I’m cribbing this from my very own book journal, because I was so impressed with this recent read:
An African In Greenland, by Tete-Michel Kpomassie. Oh my gosh, this book rocked! See, it’s a memoir by this guy who is a West African person, living in Togo, in the 1950s. A teenager, he and his family live somewhat traditionally. So one day he’s out gathering coconuts and gets attacked by a snake, after which he’s taken to the tribal elders, who are priests in a python cult, to be healed. The elder, who is very pleased with the healing process, decided that this is an omen that this guy should become a member of the python cult, which is like a lifetime gig. Michel, our narrator, is all “Snake handling? Um, thanks for thinking of me, but that’s terrifying and creepy.” Instead, after reading a book about Eskimo culture, he decides that he wants to go to Greenland and live with the Eskimos, and so he does. It takes him YEARS to work his way out of Africa and through Europe, yet he finally arrives in Greenland and lives there for about a year in the far north, living with native families and learning all about eating raw fish and seal hunting and dog sleds.

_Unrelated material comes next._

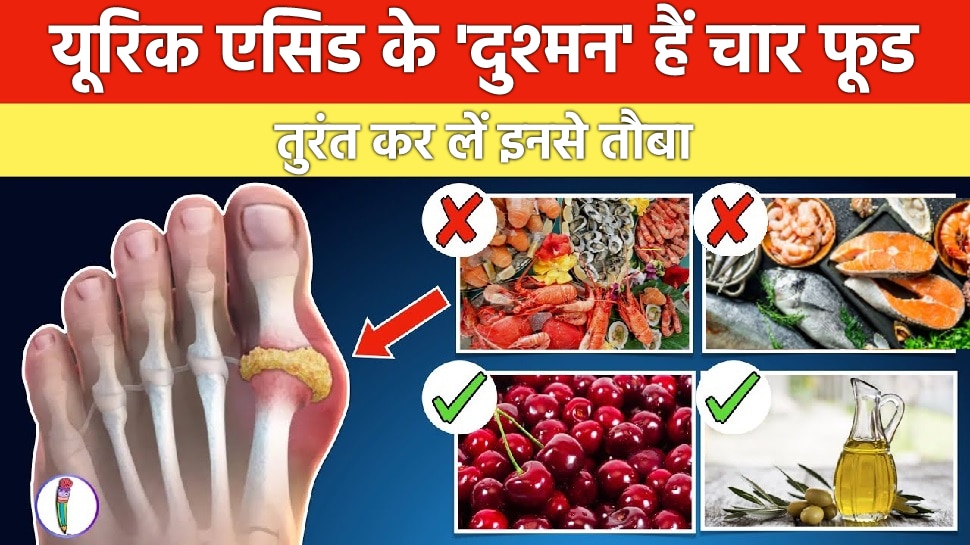 High uric acid level These four foods are enemies of uric acid avoid
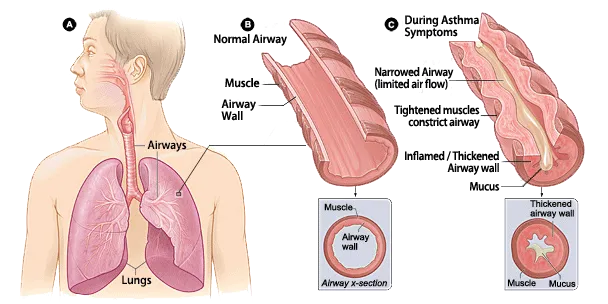 Image of Lungs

The best thing about this book is that it isn’t trying to be all ethnographic or scientific or anything. It’s really just a guy who wrote down his story about “This one time, when I decided to up and leave Togo and move to Greenland …” He doesn’t attempt to make a lot of profound conclusions about the culture of the eskimos or his role as Outsider or anything like that. It’s fairly straightforward observations of stuff that went on during his trip, and he’s not shy about pointing out things that he doesn’t like, or confuse him, and also about clarifying things that he initially was surprised by but later make sense as he learns more about surviving in the Greenland environment. His experiences with the arctic winter are especially interesting:
“On clear days the moon gave us light from five in the afternoon, hanging very low in the sky and looking so extraordinarily large that it really frightened me the first time I saw it. It rose over Disko Island, but if you were coming from the other end of Jakobshavn, it seemed to be squatting on the rooftops in front of you, its crumpled silver-paper face splotched with gray. The play of moonlight on the icebergs was indescribably strange, and its magnificent refracted shimmers were brighter than day. One night, fooled by its brilliance, I got up at three in the morning. I soon realized my mistake, but the “day” was so beautiful that I went walking for half an hour in the sleeping village. As it’s seven thirty in the morning in Paris when it’s three thirty in the morning in Greenland, I thought, in my calm and silent world, of all those Parisians with their steaming breath, now pouring into the Metro. I thought too, about what a fine sunny day it must be back home in Africa.”
I’m also looking forward to Song of Susanna, can’t wait to read and discuss it with my fellow DT obsessed Dopers!